Some of the naturally derived dusts, such as boric acid and diatomaceous earth, do have a long-lasting effect (if they are not displaced after application). But NEVER use pool grade diatomaceous earth; it is an inhalation hazard and should only be used for swimming pools. To be sure you're using the right product, only use pesticides registered with the EPA. And you should always use caution when applying dusts. Follow the label instructions carefully and always wear gloves and a dust mask. Indoors, dusts should be applied in cracks & crevices and voids, NOT along baseboards or other open places. Many dusts can be applied outdoors as well, but again, follow the label instructions. To avoid drift, never apply dust in windy conditions.
Many of the synthetic pesticides also have longer residual activity. There are certain instances when it's necessary to use a pesticide that will persist in the environment for some time. For example, with pests like cockroaches, which spend most of their time hiding in cracks and crevices, a longer-lasting pesticide will most likely be necessary. After all, how can you spray roaches directly with a green pesticide if you never see them?

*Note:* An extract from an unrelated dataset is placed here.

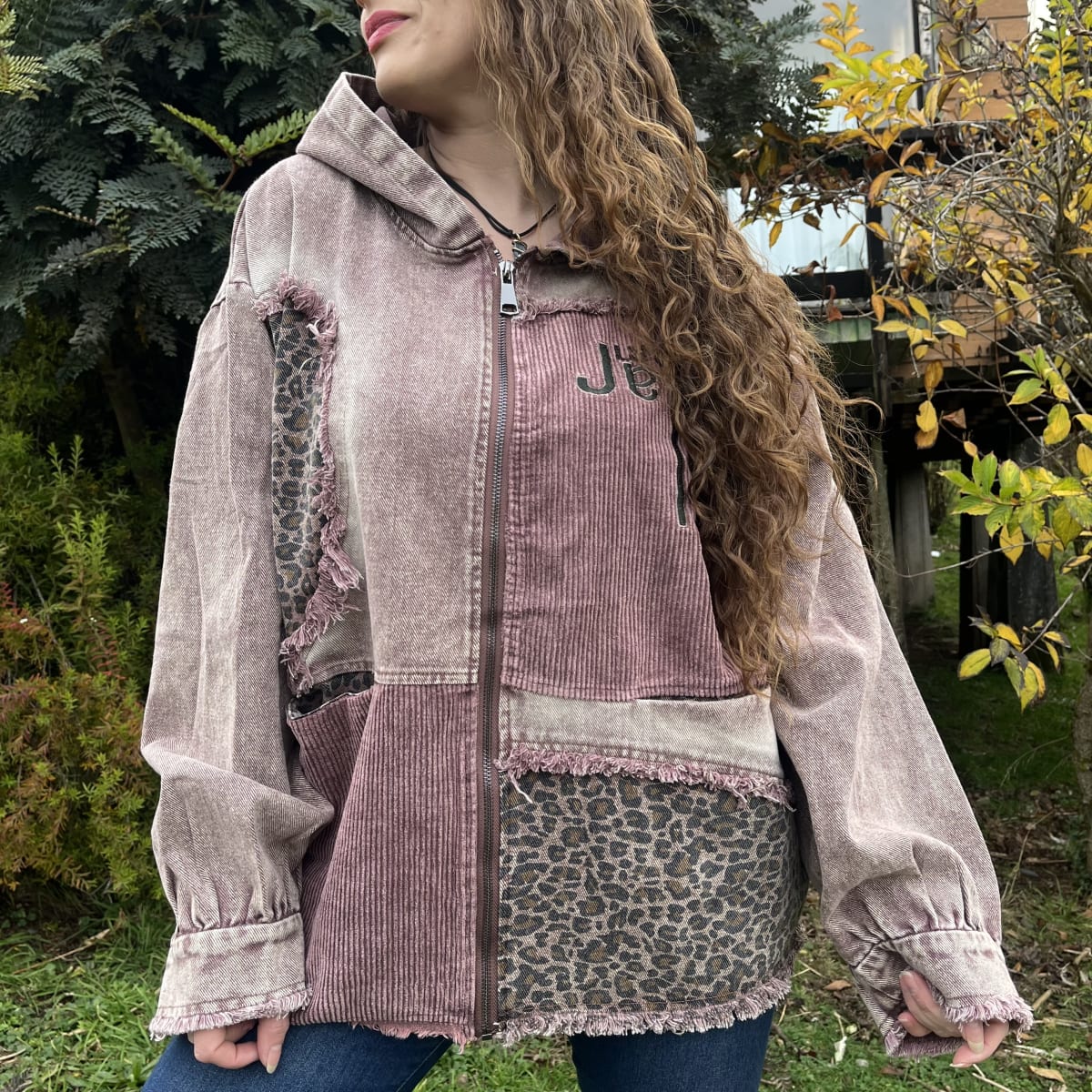 Chaqueta patchwork malva animal print2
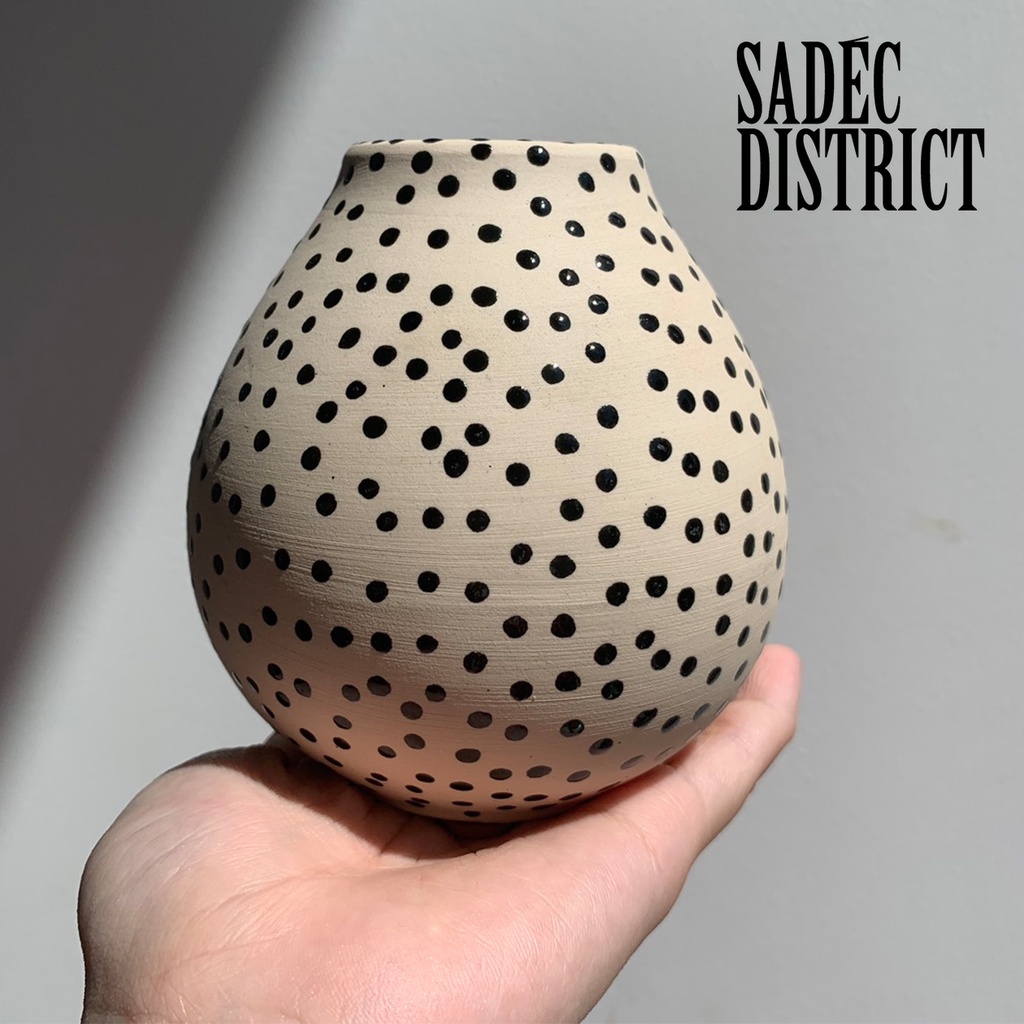 Bình gốm Sadec District Dots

Really, it's a delicate balancing act. So, here's my advice when it comes to using pesticides, whether it be green or synthetic (really, it's just using IPM):
- First, take steps to eliminate potential food and water sources, limit harborage areas, and pest-proof buildings to keep pests out.
- Use insect baits preferentially over other pest management products (when dealing with roaches and ants).
- "Green" spray insecticides can be used as contact sprays to apply directly to insects.
- "Green" insecticidal dusts can be used in cracks & crevices and voids. Always apply dust in a thin, even manner - don't dump it in piles - insects will actually avoid piles of dust.
- If you deem it's necessary to use a conventional, synthetic pesticide, ALWAYS read and follow the label instructions carefully. Try to limit your applications to cracks & crevices and avoid broadcast applications indoors (remember, crack and crevice applications are also exempt from notification). This will limit the potential risk of exposure to students and staff.